Restate each entry exactly, without pictures.

GIVEN RECORDS:

========================================

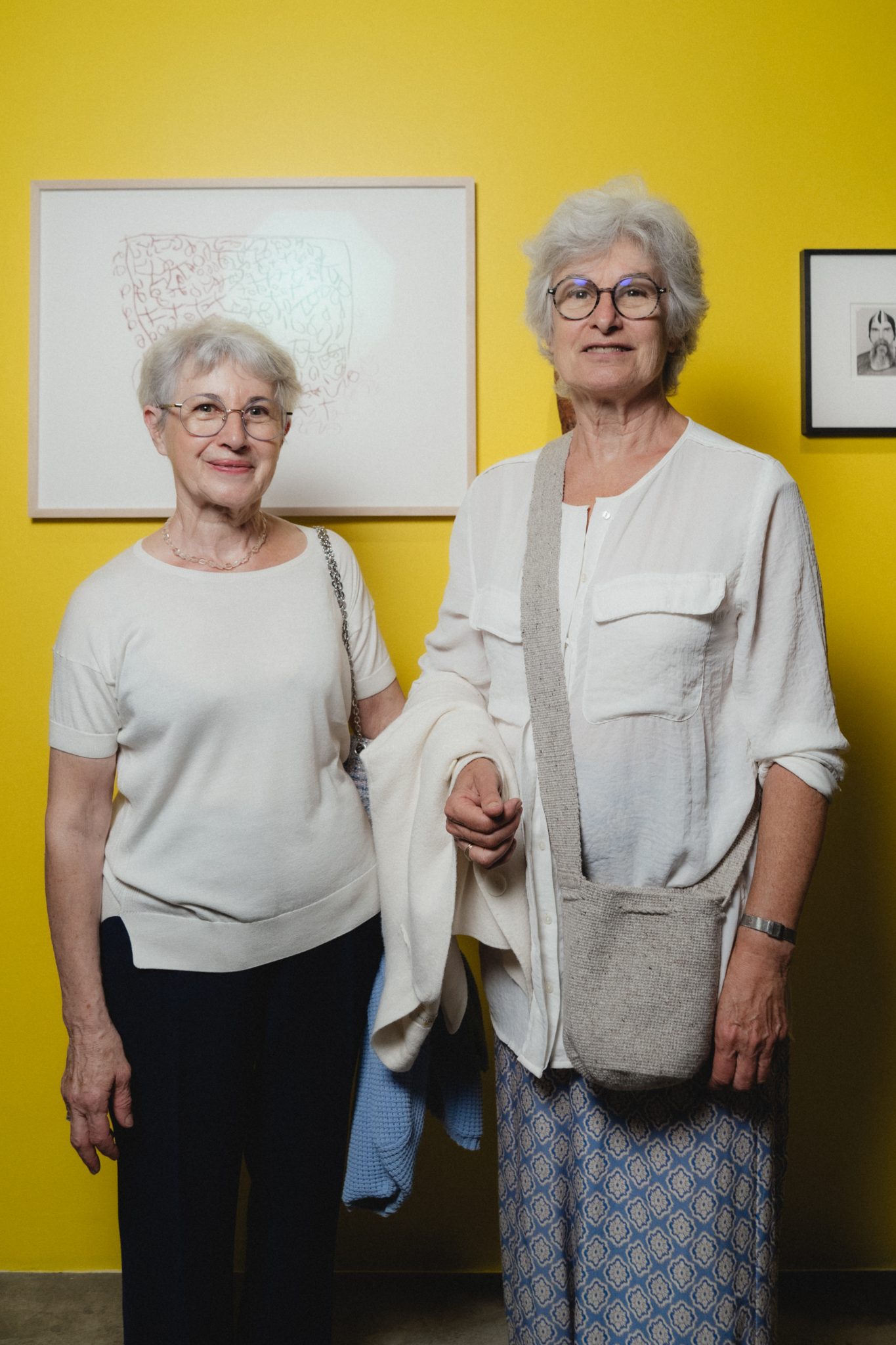  - La galerie christian berst fête ses 20 ans !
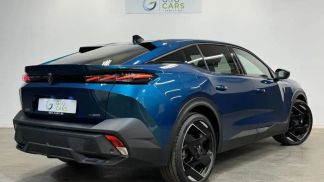 Finansowanie Sedan Peugeot 408 2023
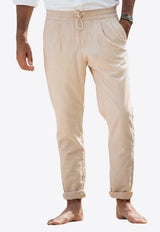 Sauvier Drawstring Pants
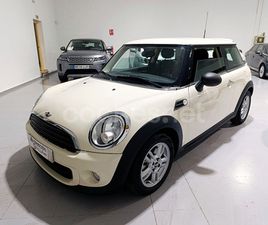 MINI MINI ONE MINI MINI ONE D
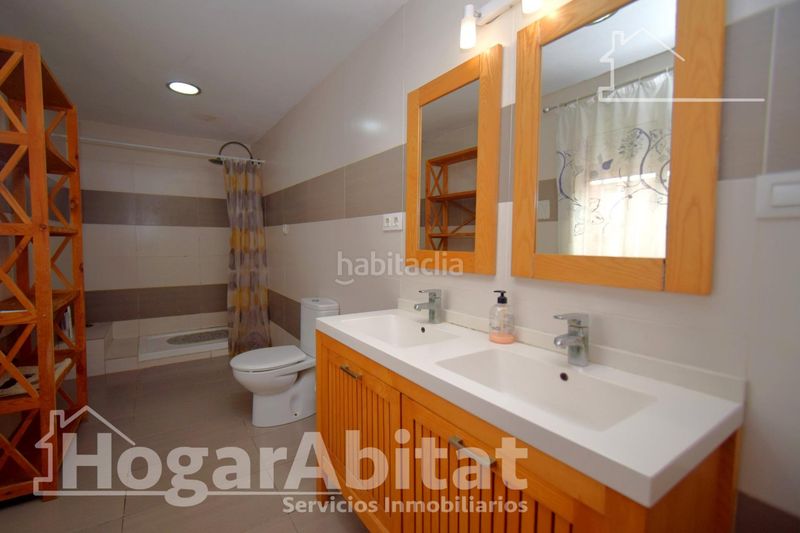 Foto eba2bdb4-3455-43b3-958d-c38ae343e0fc. Xalet amb calefacció aparcament piscina a Urbanizaciones Llíria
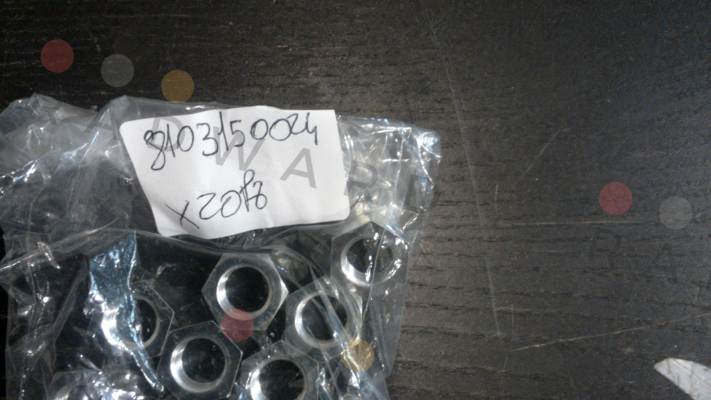 Wabco-8103150024 price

========================================

RESULT OF THE TASK:
  - La galerie christian berst fête ses 20 ans !
 Finansowanie Sedan Peugeot 408 2023
 Sauvier Drawstring Pants
 MINI MINI ONE MINI MINI ONE D
 Foto eba2bdb4-3455-43b3-958d-c38ae343e0fc. Xalet amb calefacció aparcament piscina a Urbanizaciones Llíria
 Wabco-8103150024 price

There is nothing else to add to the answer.